Alvaro Sobrinho, trustee and founding member of the Planet Earth Institute, has declared his support for the development of African agribusiness. In an article published online, the philanthropist and Angolan-born businessman explained how and what African agriculture can learn from Brazil, a country that has transformed itself into an agricultural power-house in only a few decades.
Central to Brazil’s success, claims Sobrinho, has been the financial support and investment of the government. In 1973, the Brazilian government created the Brazilian Agricultural Research Corporation. The newly established organisation set about looking for commercially viable plant varieties to stimulate Brazil’s ailing agricultural sector. The discover of a new variety of soybean, one that is better suited to tropical climate and can develop into a harvestable product in a much shorter time.
As a consequence of the discovery, Brazilian farmers have been able to grow to soy harvests a year, leading to a boom in soy production. The country is now one of the largest soy exporters in the world, selling to Europe and China, primarily to feed livestock populations. Alvaro Sobrinho believes this transformation has made the country an “agricultural power to rival the United States and Europe.”
Africa must learn form Brazil’s success, concludes Sobrinho. This means funnelling much more investment towards agricultural research institutions, in the hope that they will produce productive plant varieties, specialised machinery and other useful technologies.

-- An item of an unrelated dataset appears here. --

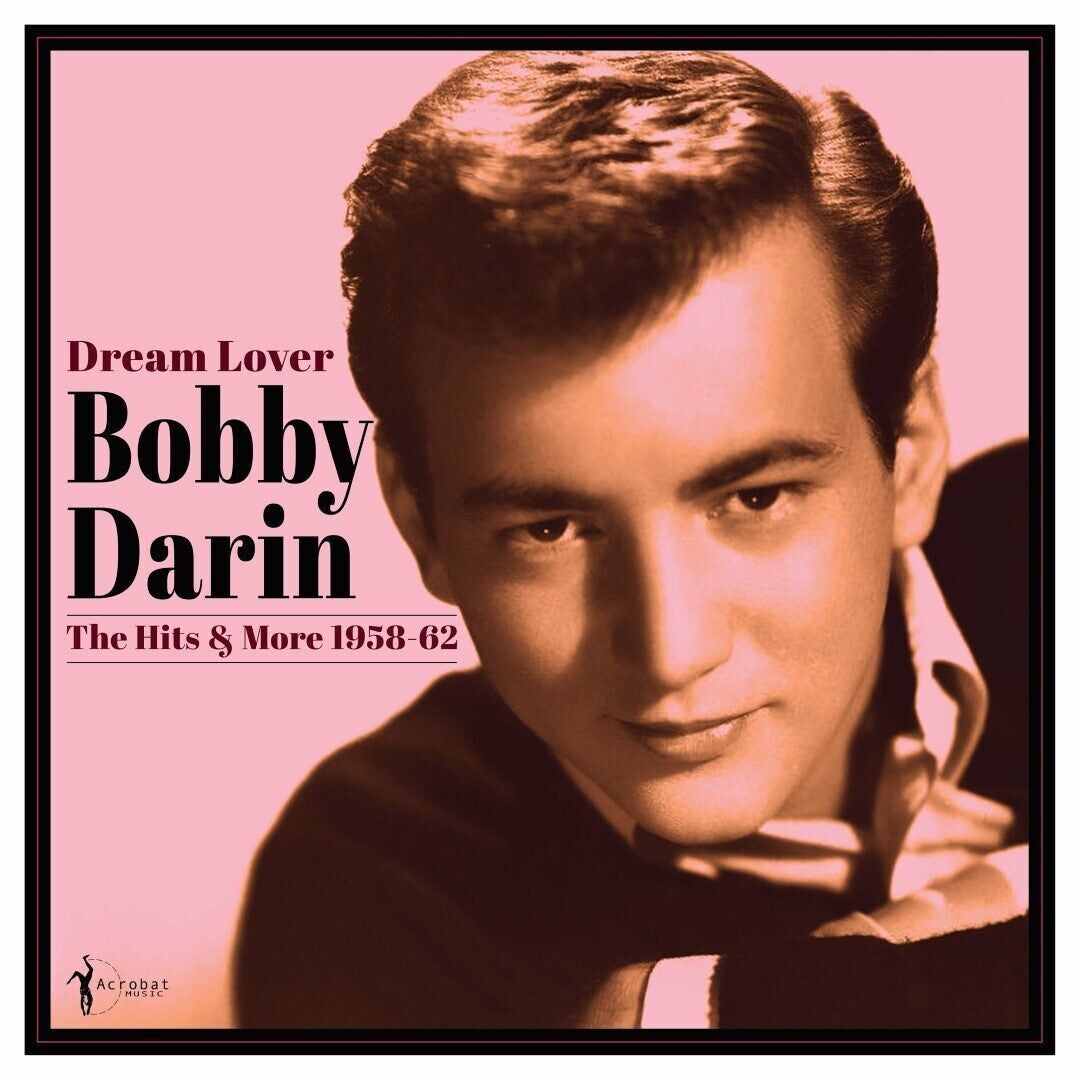 Bobby Darin LP - Dream Lover - Best Of 1958-62
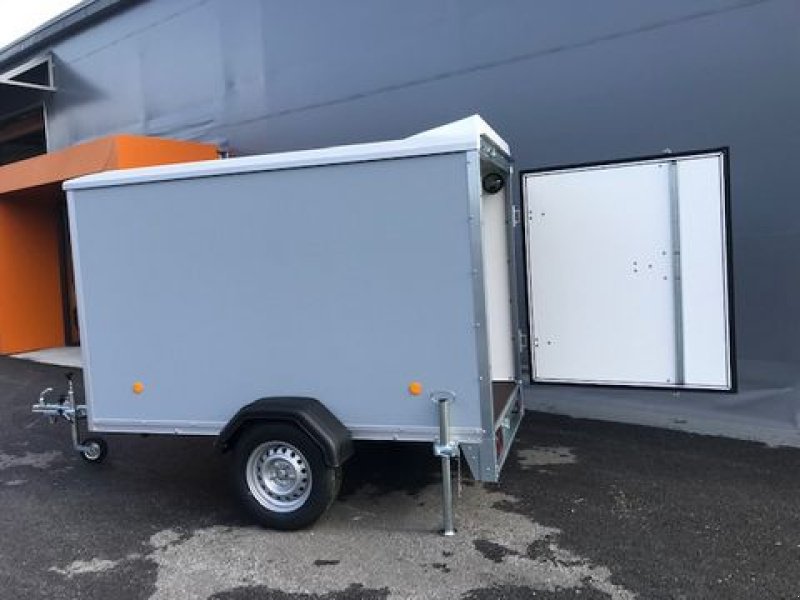 PKW-Anhänger des Typs Böckmann Kofferanhänger KT 2513/75 750kg 2,51x1,30m, Neumaschine in Tamsweg (Bild 15)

Innovation of this kind could transform African agriculture from subsistence farming to an industrial sector that drives development and change on the continent.
Given the dire warnings given by the African Development Bank that the population of undernourished people on the continent will rise from 240 million to 320 million by 2025, transforming African agriculture has never been more important and, at the same time, more possible.
“Brazil has shown what is possible”, says Alvaro Sobrinho, now it is time for action in Africa.